In fact, employing more generic selectors within our own is a pattern that should be considered a best practice in custom selector creation.

Now you can use your selector just like you would jQuery’s built-in selectors:

//turn all focusable fields red!
$(':focusable').css('color', 'red');

Defining Multiple Selectors at Once

If you’d like to define all of your custom selectors in one fell swoop, you can use the jQuery.extend() function. Just pass all of your functions in an object literal like so:

jQuery.extend(jQuery.expr[':'], {
    focusable: function (el) {
        return $(el).is('a, button, :input[type!=hidden], [tabindex]');
    },
    notopborder: function(el) {
        return $(el).css("border-top-style") == "none";
    }
});

Using the Match Parameter

The match parameter is actually an array that carries meta information about our selector. Here is what it would contain:

$('a:test(argument)');
//match would carry the following info:
[
    ':test(argument)', // full selector
    'test',            // only selector
    '',                // quotes used
    'argument'         // parameters
]

//for:
$('a:test("arg1, arg2")');
//match would carry the following info:
[
    ':test('arg1, arg2')', // full selector
    'test',                // only selector
    '"',                   // quotes used
    ['arg1, arg2']         // parameters
]

As an example, let’s define a custom selector that targets elements based on their border type. It would be passed to the function within the third element of the match parameter.

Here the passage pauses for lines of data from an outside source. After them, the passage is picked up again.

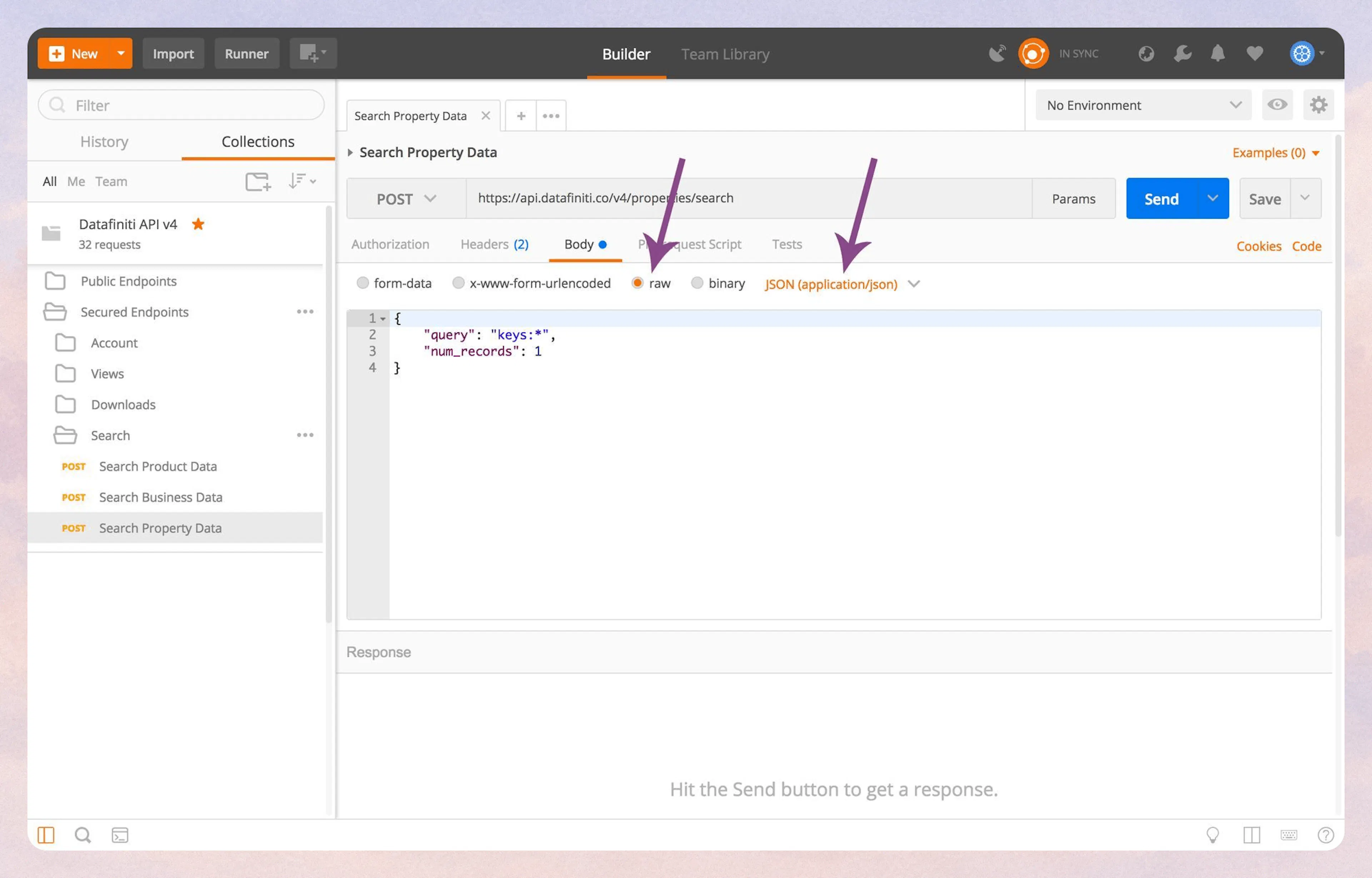 Setting up the query in Postman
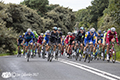 Tour of Britain Cycle Race Stage 1 Edinburgh 3rd Sept 2017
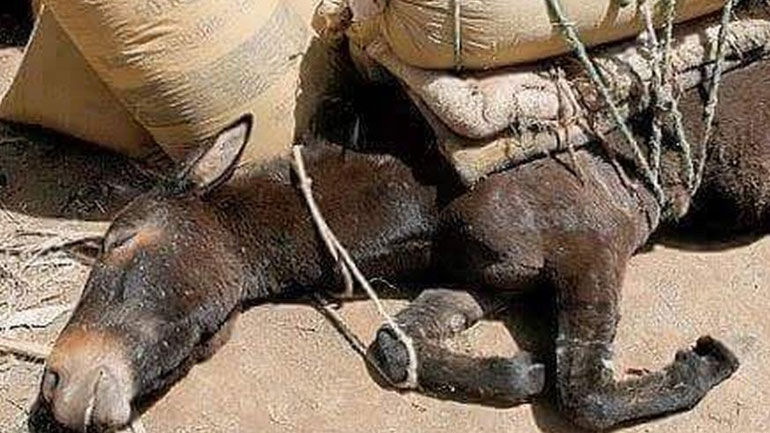 DW: Συναγερμός για τα γαϊδουράκια της Σαντορίνης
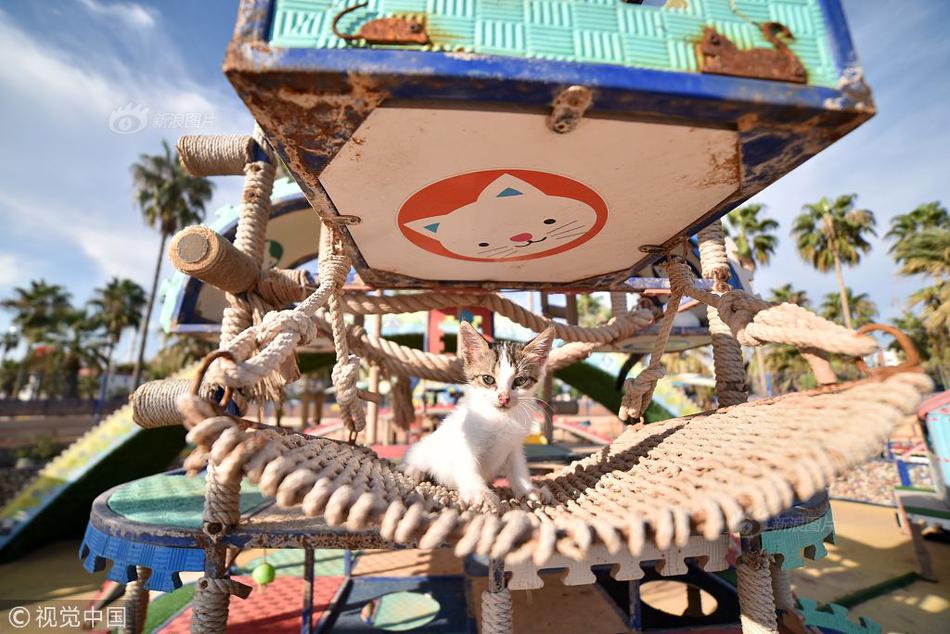 先达股!份：烯草酮供需平衡、价格一单一议，吡唑喹草酯销售符合预期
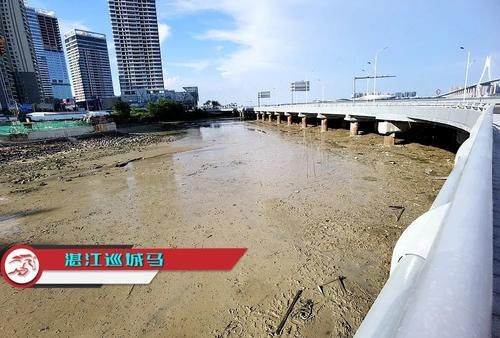 老年|这个片区，总有废水流入海里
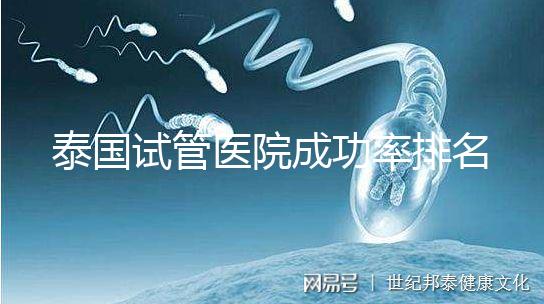 泰國試管醫院成功率排名公布，這些詳細介紹，為您提供選擇參考！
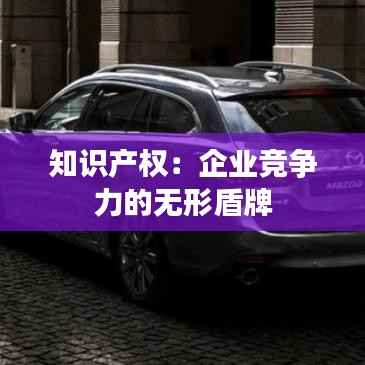 知识产权:企业竞争力的无形盾牌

We could then do something to the matched elements such as change their border styles:

//match would carry the following info:
/*    
[
   "borderstyle", 
   "borderstyle", 
   "", 
   "solid"
]
*/
borderstyle: function(elem, index, match) {
    return $(elem).css("border-top-style") == match[3];
}

$('#btnChangeBorder').click(function() {
  $(":borderstyle('solid')").css("border-style", "dashed");
});

Here‘s a demo of today’s examples.

Conclusion

The ability to extend the expr[‘:’] object to create our own custom selectors is just one of the reasons that the jQuery library remains a major player in JavaScript development. Combined with its other DOM methods, it makes manipulating page elements a snap!